Tuesday, February 12, 2008

Threats don't scare me...

Okay, threats do scare me, especially when they're couched as promises from members of the government or those who would be.

The Clintama campaigns promise mandatory health care, having plans for the the government to make sure I'm properly cared for, just like all those lucky people in Fwance and England and Canada and other lands with socialized medicine and long, long waiting lists for treatment for little things like pneumonia and emergency organ transplant and such.

I think the one thing that always gets my goat about all this stuff they're pushing is the promise that it will drive costs down. Correct me if I'm wrong, but, wasn't that what they were saying Health Maintenance Organizations (HMOs) would do? Join an HMO, it will check you early and often (just like voting in Chicago), and catch diseases like cancer, hypertension, and such long before they became costly and debilitating blah blah blah.

Before the advent of the HMO (back in the dark ages, when disco ruled the day), my average office call to the local quack was about ten dollars. Now the clinic down the way asks for more than that, just as a "small deductible." Allstate only knows how much the actual bill has become! Between the corporate bureaucracies and the government red tape, a brand-name adhesive bandage strip, which I can buy in the store in boxes of 36 for $2.50, cost my best friend's insurer $68 per each at the hospital. I don't remember how much the other parts and labor cost.

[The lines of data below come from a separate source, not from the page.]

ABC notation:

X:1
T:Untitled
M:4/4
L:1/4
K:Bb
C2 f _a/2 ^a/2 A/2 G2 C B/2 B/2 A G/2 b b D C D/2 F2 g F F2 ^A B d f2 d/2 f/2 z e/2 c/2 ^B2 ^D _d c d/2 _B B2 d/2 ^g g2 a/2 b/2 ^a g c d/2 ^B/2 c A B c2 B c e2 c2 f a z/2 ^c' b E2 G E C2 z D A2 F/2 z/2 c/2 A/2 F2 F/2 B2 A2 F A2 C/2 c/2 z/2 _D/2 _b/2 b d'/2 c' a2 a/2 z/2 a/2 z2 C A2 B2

I'm pretty sure it was more than I make in a month, these days.

If I sprain my ankle, as I did last week, I can put ice on it (or put it in slush), elevate it, wrap it in an elastic bandage and take a couple of over-the-counter pain tablets, as, again, I did last week, costing me... uh... the bandage was one I'd had from a few years ago, the ice (slush) was provided by mommy nature in a puddle by the curb, and the painkillers were from Sam's Club, thousands for under ten bucks... you figure it out. My math is still sucky.

All I can say is, it was way, way cheaper than going to the urgent care facility. I'm walking just fine, too (not counting the occasional swear-word when I bump the bruises against something, again).

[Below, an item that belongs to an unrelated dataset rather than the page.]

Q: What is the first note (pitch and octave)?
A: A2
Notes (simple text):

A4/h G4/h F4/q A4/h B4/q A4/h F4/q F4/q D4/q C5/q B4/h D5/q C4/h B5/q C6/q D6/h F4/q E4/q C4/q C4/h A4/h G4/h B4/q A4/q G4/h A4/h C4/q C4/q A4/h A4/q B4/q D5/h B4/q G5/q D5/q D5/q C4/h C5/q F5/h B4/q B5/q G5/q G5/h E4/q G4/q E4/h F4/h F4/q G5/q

And it's pretty much what I'd have done thirty years ago, before the early years of the Health Maintenance Organizations. But then, the HMO began to insist that they peek at our every paper cut, listen to our every sniffle, and indirectly bill us and our employers for everything they did or didn't find. Meanwhile, the HMO stockholders started expressing concern that they weren't getting any real dividends. More bean counters were hired. Costs climbed. Prices climbed. It got expensive for all of us. So the HMO began to say "pre-existing condition" as though it were a mantra, any time somebody tried to upset them by filing a claim. And, then, people started suing the HMO for pain and suffering. The HMO started jacking up prices even more, and denying more claims. More lawsuits, more insistence on paying for piddly stuff and then for non-members, via new taxes, and voilá! Cries were made for more government controls, because the HMO was trying to recoup its losses via raising prices, and jacking up prices due to rising costs for operation just isn't cricket.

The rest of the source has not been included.